Apesar de já ter feito inúmeros filmes grandes, Farrell sempre preferiu os menores, pelas histórias mais específicas que contam. Quando Martin McDonagh o convidou a interpretar um mercenário em Na Mira do Chefe, basicamente lhe dando uma segunda chance, ele quase recusou o papel – afinal tinha participado de uma sequência de longas ruins e ainda sentia os efeitos do desastre que fora a película sobre a vida de Alexandre, o Grande. Temia que seu nome começasse a assustar e afastar o público.
Foi um período turbulento. Ele tinha acabado de sair da reabilitação, tendo finalmente cedido às pressões familiares para dar um rumo na vida. Quando pergunto o que o levou ao fundo do poço, ele é sucinto: — A vida. Depois, porém, acrescenta: — A intensidade da fama repentina, que veio com tudo depois que Joel Schumacher me escolheu para fazer Tigerland - A Caminho da Guerra (2000) e depois Por Um Fio (2002).

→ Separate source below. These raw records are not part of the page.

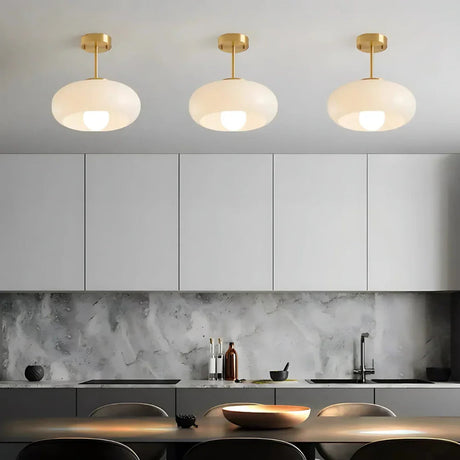 Three white glass domes on brass stems lit above a dark kitchen counter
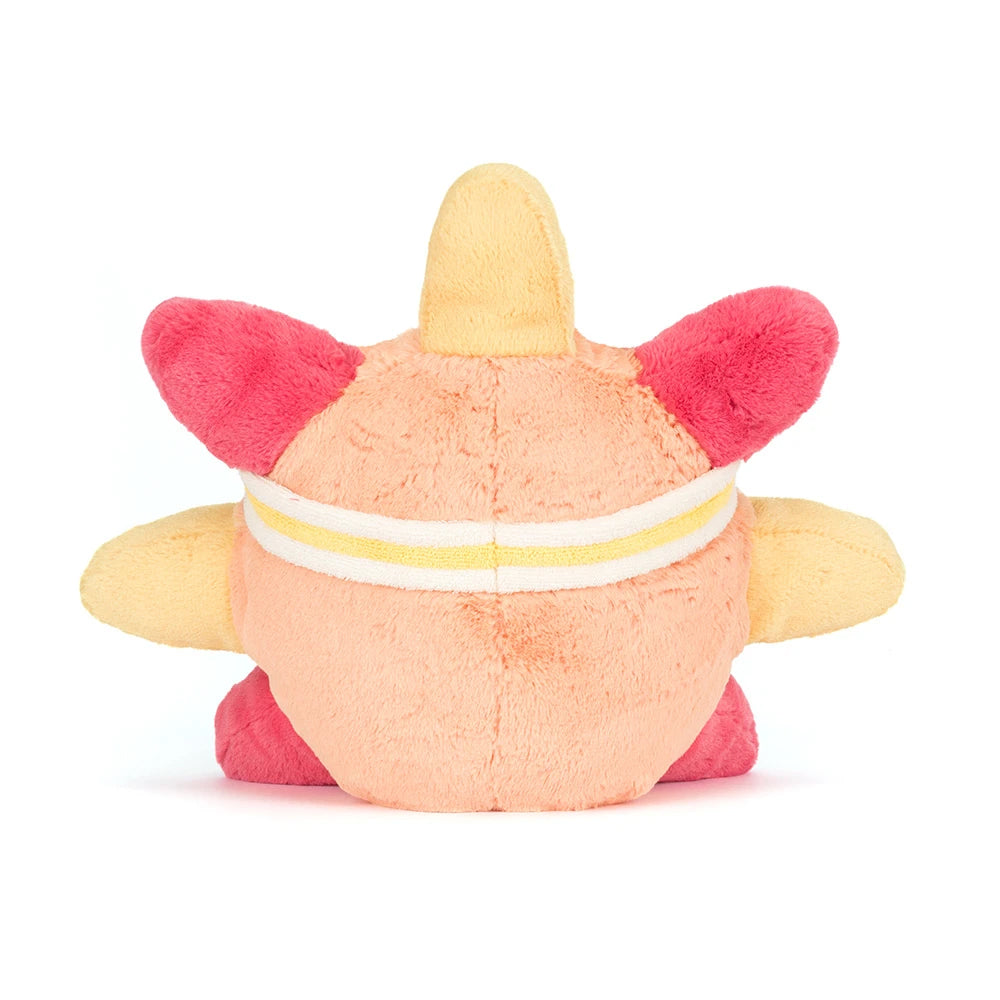 Rear view; plush toy resembling a sun with pink and yellow colors on a white background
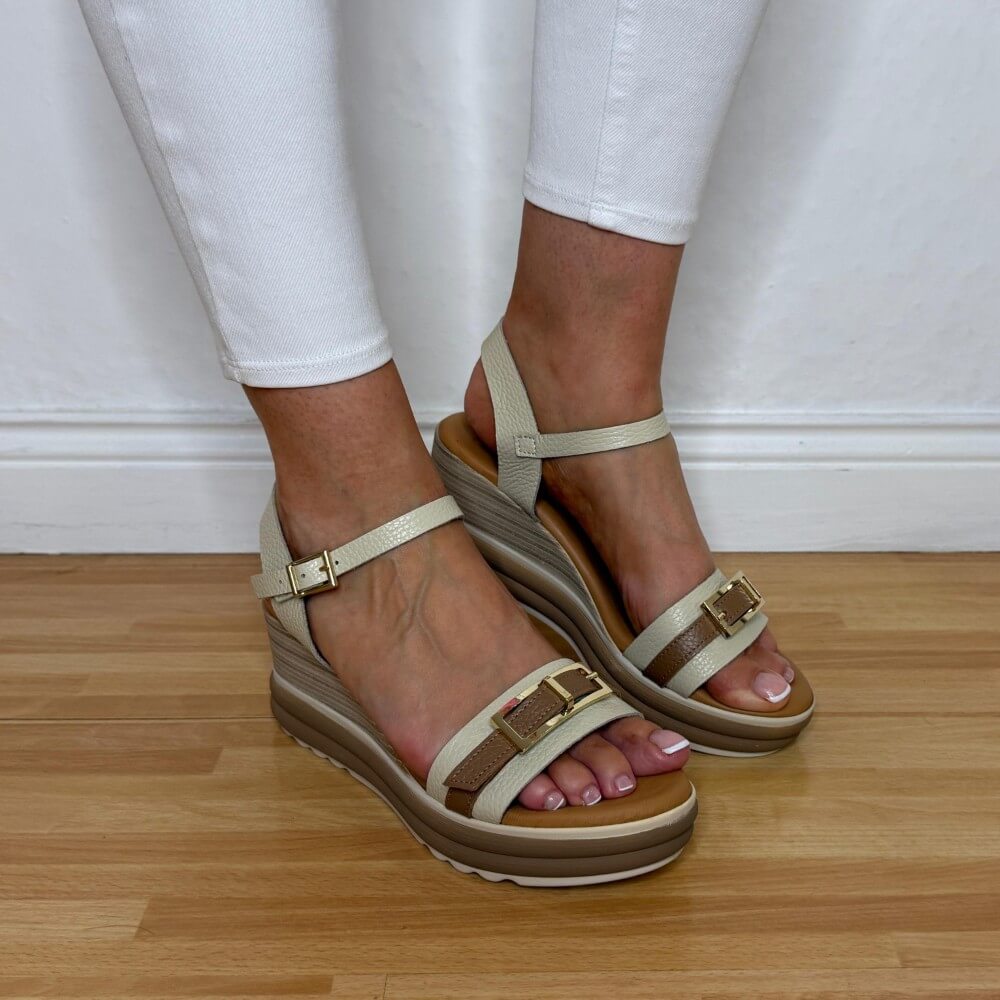 Oh My Sandals 5993 Beige wedge sandals worn with white pants on a wooden floor.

— Você começa a ouvir as pessoas elogiando, falando coisas a seu respeito, usando chavões, os presentes, os mimos... não é minha natureza acreditar nessas coisas. Até tentei ir na onda, mas não deu.
Seu primogênito, James Padraig, nasceu em 2003 (fruto de seu relacionamento com a modelo Kim Bordenave) e, a princípio, Farrell achou que seria melhor ser amigo do filho. — É, porque um bebê de seis meses precisa exatamente de um amigo de 27 anos que está sempre bêbado ou chapado — brinca. Teve o segundo filho, Henry, com a ex-namorada, a atriz polonesa Alicja Bachleda-Curus. Farrell tem guarda compartilhada de ambos e revela que não se lembra de nenhuma decisão que tenha tomado nos últimos doze ou treze anos que não levasse em conta o impacto que ela teria nos dois.
Agora sua vida gira em torno dos meninos, sua casa em Los Feliz, Los Angeles, ioga ("Disse que adoro, não que estou praticando") e sauna ("Totalmente purificador").
— Ele era um maluquete e agora canalizou toda essa energia para a família e o trabalho — descreve o diretor Dan Gilroy, que justifica a escalação de Farrell em Roman Israel em parte porque sabia que ele não se intimidaria com Denzel Washington.
Farrell pretende agora tirar férias bem longas, e se diz aberto para o que vier – sejam heróis de ação, embora não goste de armas, ("Odeio'!') ou, na onda dos filmes de Lanthimos, papéis menos sensuais, ainda que talvez seja o único a caracterizá-los assim.
— Ainda acho que estava sensual naqueles filmes, sim. Para deixar de sê-lo, só arrancando a cabeça dele — brinca McDonagh, por e-mail.